1P and 3P Amazon Sellers

The choice between first-party (vendor) and third-party (seller) models fundamentally shapes business operations, profitability, and growth potential. Each structure offers distinct advantages and challenges.

First-Party (Vendor Central) Advantages:

First-party vendors benefit from Amazon's retail credibility. The "Ships from and sold by Amazon" badge often converts at 10-15% higher rates than third-party listings, particularly for high-consideration purchases. Vendors access exclusive marketing programs including Amazon Vine for reviews, A+ Premium content, and Subscribe & Save placements that drive recurring revenue.

Purchase orders provide predictable cash flow, though payment terms typically extend 60-90 days. Amazon's wholesale purchasing power delivers immediate scale—a single purchase order might represent months of 3P inventory.

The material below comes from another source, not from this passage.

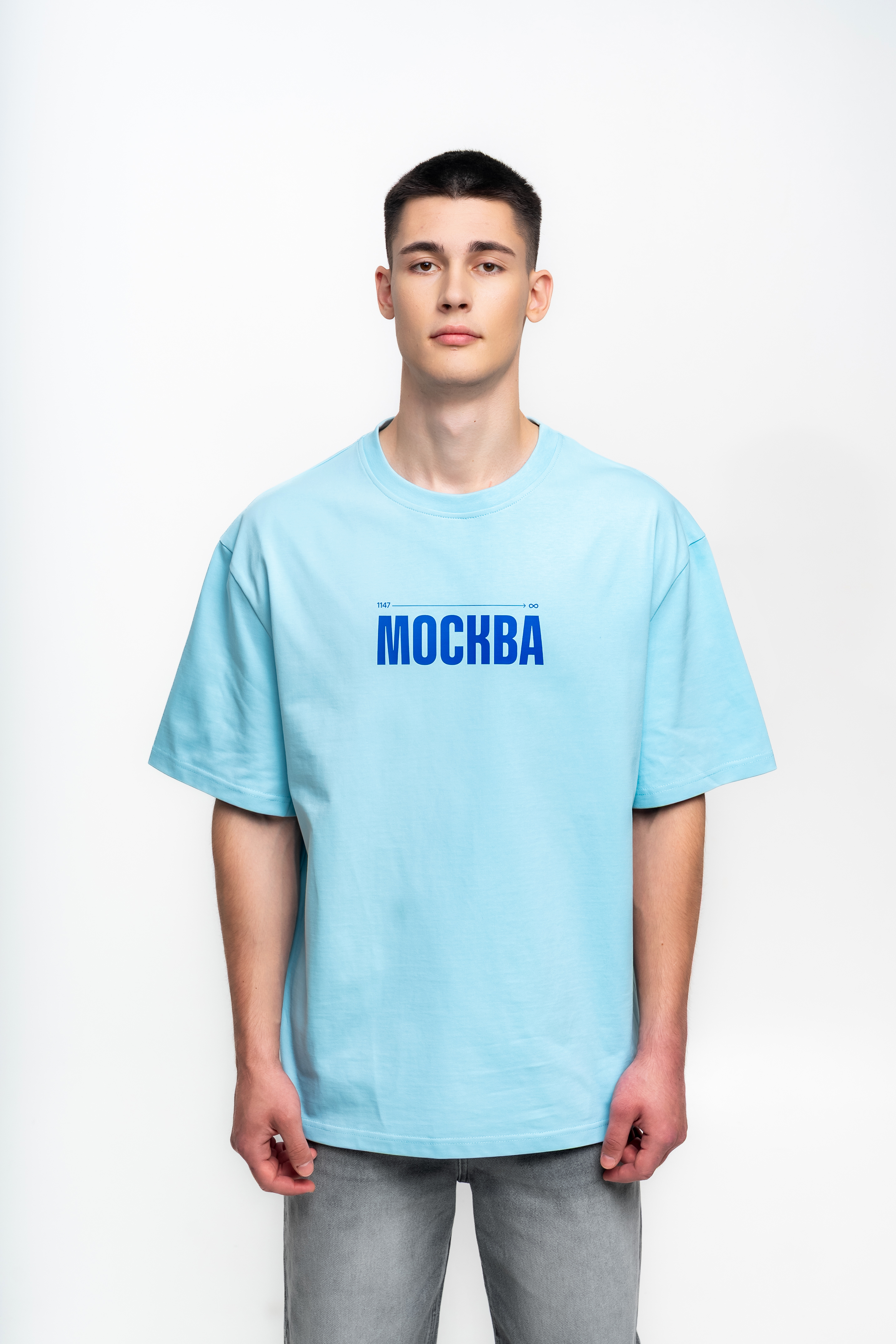Голубая футболка с синим логотипом - Изображение 10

Vendors also receive priority placement in search results for their branded products and enhanced analytics through Amazon Marketing Services.

First-Party Limitations:

Amazon controls pricing entirely, often using aggressive price reductions to maintain competitive positioning. Vendors watch helplessly as Amazon marks down products during promotions or competitive pressure, eroding margins. The wholesale model also compresses profitability—vendors typically net 30-50% lower margins than comparable 3P sellers.

Amazon's chargebacks for operational issues (shipping defects, labeling errors, shortfall fees) can devastate profitability. Vendors report chargeback costs averaging 2-5% of gross revenue. Amazon also dictates purchase quantities and timing, creating inventory management challenges and cash flow pressure. The power dynamic heavily favors Amazon; switching costs are high once infrastructure is built around vendor operations.

Third-Party (Seller Central) Advantages:

Complete pricing autonomy allows 3P sellers to optimize margins based on market conditions, competition, and inventory levels. Sellers adjust prices hourly if needed, respond immediately to competitor moves, and implement sophisticated repricing algorithms. This control typically translates to 15-35% higher net margins compared to wholesale arrangements.

Third-party sellers maintain direct customer relationships, capturing email addresses and feedback that informs product development. They control inventory flow, avoiding forced purchase commitments or markdown provisions. Multi-channel flexibility allows sellers to diversify beyond Amazon—the same inventory supports Walmart, eBay, Shopify, and wholesale channels simultaneously.

Sellers access the same FBA infrastructure as vendors while retaining business ownership. Marketing investments (PPC, promotions, content) directly benefit the seller's brand equity rather than Amazon's retail operation. The barrier to entry is lower: sellers start with $5,000 in inventory while vendor agreements typically require $100,000+ in upfront commitments.

Third-Party Challenges:

Third-party sellers compete in a transparent marketplace where 20-50 competitors might sell identical products. Winning the Buy Box requires competitive pricing, strong metrics, and consistent inventory availability. FBA fees consume 30-40% of gross revenue for typical products, though this includes storage, shipping, customer service, and returns processing that vendors also incur indirectly.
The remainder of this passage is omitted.